• WORK TO COMPLETE: The line that contains "Esse aqui é" marks the start. Please set it down, with every later line of the data, exactly and without pictures.

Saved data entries

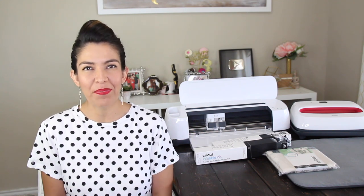Hi guys, welcome back to my channel Avanti Morocha. This video is in collaboration with Cricut. Today, I'm going to show you how to make a Halloween bag using infusible ink. Now, let's begin.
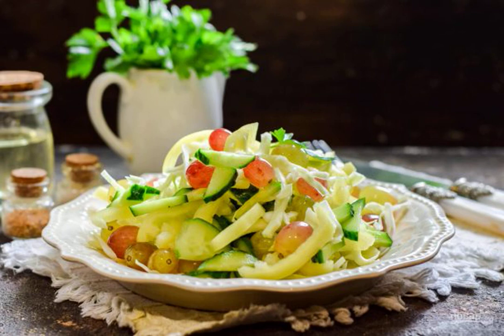Salad Ophelia is an original and delicious version of a light salad, which will come in handy on the festive table. The dish turns out to be very interesting.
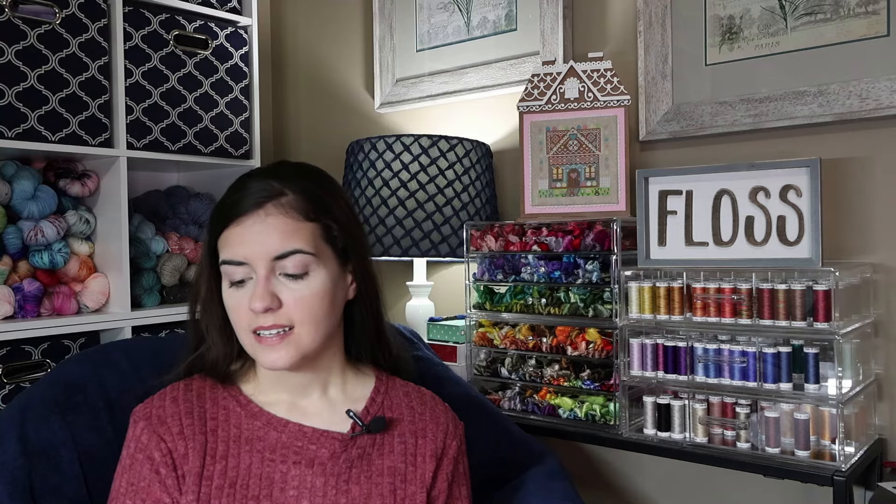The next one is a Mardi Gras house — such a unique and fun idea! This one is from Caroline, The Stitching Kitten Designs. Hers is stitched on 28 count Witches Brew from Lap and Loops. She used a combination of Gentle Arts, stinky dyes, and DMC for her thread. Her house celebrates Mardi Gras with eccentric feathers, color streamers that replicate the iconic beads, and the classic fleur-de-lis — and you can't forget the mischievous black cat straight from New Orleans. You can see that little cute black cat knocking over the vase on her design.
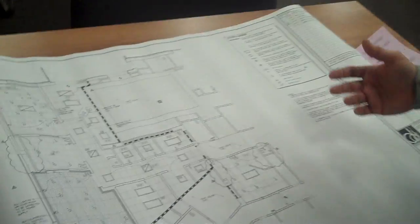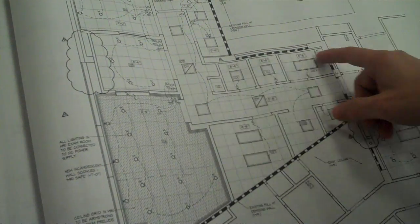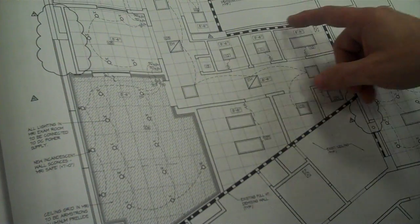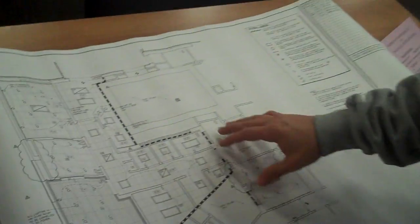First of all, here's a basic blueprint. Here you'll see you'll have — this is a reflected ceiling. You'll do a take-off on each type of fixture. There are different types of fixtures here. You'll do take-offs and what you need for this type of job. You'll also learn how to do competitive bidding on this.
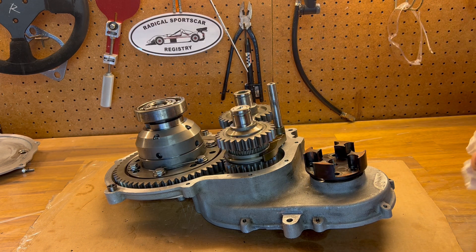If you have any other questions about the gear drive unit's operation or anything else to do with Radical, come join us at RadicalSportsCarRegistry.com and join in on the conversation. Thank you very much.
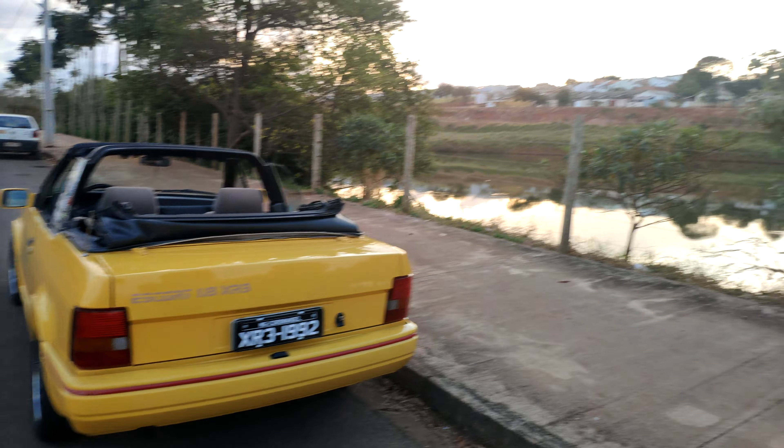Esse aqui é o XR3 conversível, motor AP 1.8S. Ele tem vidro elétrico, trava elétrica, direção hidráulica, ar-condicionado — tudo de fábrica. A suspensão eletrônica, que você já falou no vídeo: acima de 100 ele ficava rígido e nas frenagens ficava rígido.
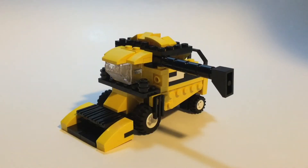Hey guys, what is up? It's Brickspiron here, and in this video I'm going to be doing a video on my mock for Brickspiration Studios 100 subscriber mock contest.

• EXERCISE RESULT:
Esse aqui é o XR3 conversível, motor AP 1.8S. Ele tem vidro elétrico, trava elétrica, direção hidráulica, ar-condicionado — tudo de fábrica. A suspensão eletrônica, que você já falou no vídeo: acima de 100 ele ficava rígido e nas frenagens ficava rígido.
Hey guys, what is up? It's Brickspiron here, and in this video I'm going to be doing a video on my mock for Brickspiration Studios 100 subscriber mock contest.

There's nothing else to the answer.